La emigración siembra Europa del Este de huérfanos

El Día, , 29-09-2008

COLPISA, Varsovia

La emigración masiva de trabajadores de la antigua Europa socialista a la parte occidental de la UE ha tenido efectos positivos para muchos de estos países, pero también algunas consecuencias sociales dramáticas.

Decenas de miles de niños rumanos, polacos y búlgaros se han quedado sin sus padres en sus países de origen. Están a cargo de abuelos, tíos u otros familiares, amigos o autoridades locales, porque sus progenitores no se los han podido llevar consigo. Algunos menores llevan años en esta situación, lo que les provoca graves problemas psicológicos. Familiares y amigos de los emigrantes hacen lo que pueden para ayudar a sus hijos, pero la buena voluntad no es suficiente.

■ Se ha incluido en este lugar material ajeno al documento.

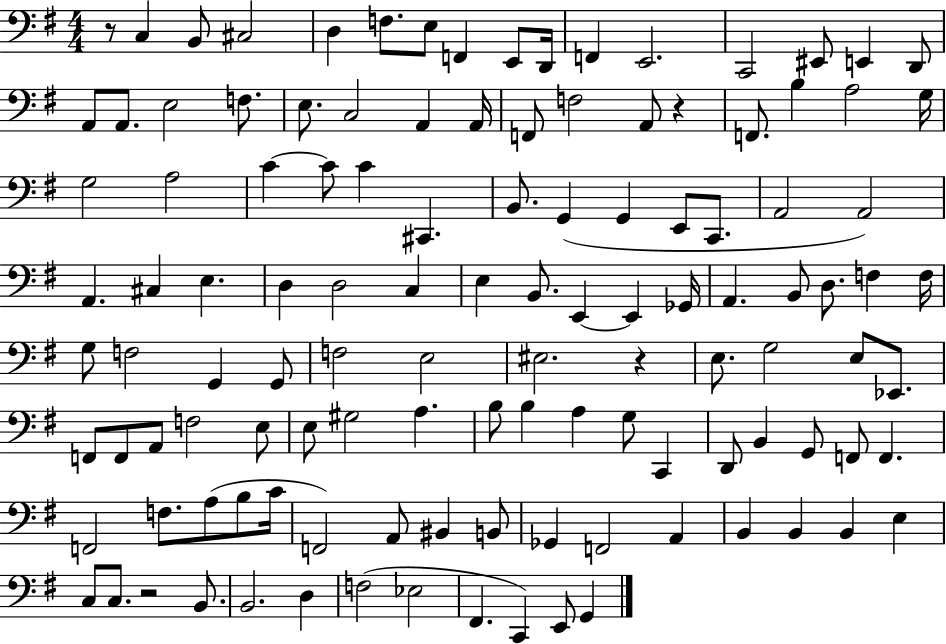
R/e C3/q B2/e C#3/h D3/q F3/e. E3/e F2/q E2/e D2/s F2/q E2/h. C2/h EIS2/e E2/q D2/e A2/e A2/e. E3/h F3/e. E3/e. C3/h A2/q A2/s F2/e F3/h A2/e R/q F2/e. B3/q A3/h G3/s G3/h A3/h C4/q C4/e C4/q C#2/q. B2/e. G2/q G2/q E2/e C2/e. A2/h A2/h A2/q. C#3/q E3/q. D3/q D3/h C3/q E3/q B2/e. E2/q E2/q Gb2/s A2/q. B2/e D3/e. F3/q F3/s G3/e F3/h G2/q G2/e F3/h E3/h EIS3/h. R/q E3/e. G3/h E3/e Eb2/e. F2/e F2/e A2/e F3/h E3/e E3/e G#3/h A3/q. B3/e B3/q A3/q G3/e C2/q D2/e B2/q G2/e F2/e F2/q. F2/h F3/e. A3/e B3/e C4/s F2/h A2/e BIS2/q B2/e Gb2/q F2/h A2/q B2/q B2/q B2/q E3/q C3/e C3/e. R/h B2/e. B2/h. D3/q F3/h Eb3/h F#2/q. C2/q E2/e G2/q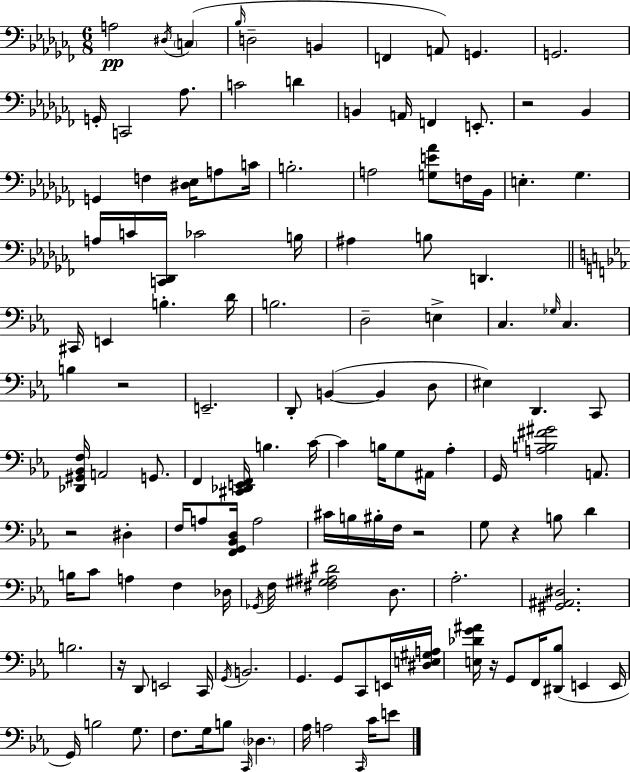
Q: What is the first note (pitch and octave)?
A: A3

Rumanía es el país de la UE donde el problema es más serio. Dos millones de rumanos han emigrado en los últimos años, fundamentalmente a países como España e Italia. No todos han podido llevarse a sus hijos. “El fenómeno se ha acrecentado desde que Rumanía entró en la UE porque existe libre circulación de personas a través de las fronteras de la Unión. Los padres hacen el sacrificio de dejar a sus hijos en Rumanía y de emigrar porque quieren darles un mejor futuro”, explica Mariela Neagu, responsable de una institución que da protección a menores.

En muchas escuelas de Rumanía, sobre todo en el norte y este del país, la mitad de los alumnos tienen a sus padres trabajando en el extranjero. Según datos oficiales, unos 80.000 niños y adolescentes rumanos soportan esta situación. “Muchos de estos niños creen que sus padres van a volver pronto. Pero no es así. En el mejor de los casos sus padres volverán de vacaciones”, señala el trabajador social Nicolae Bogdan.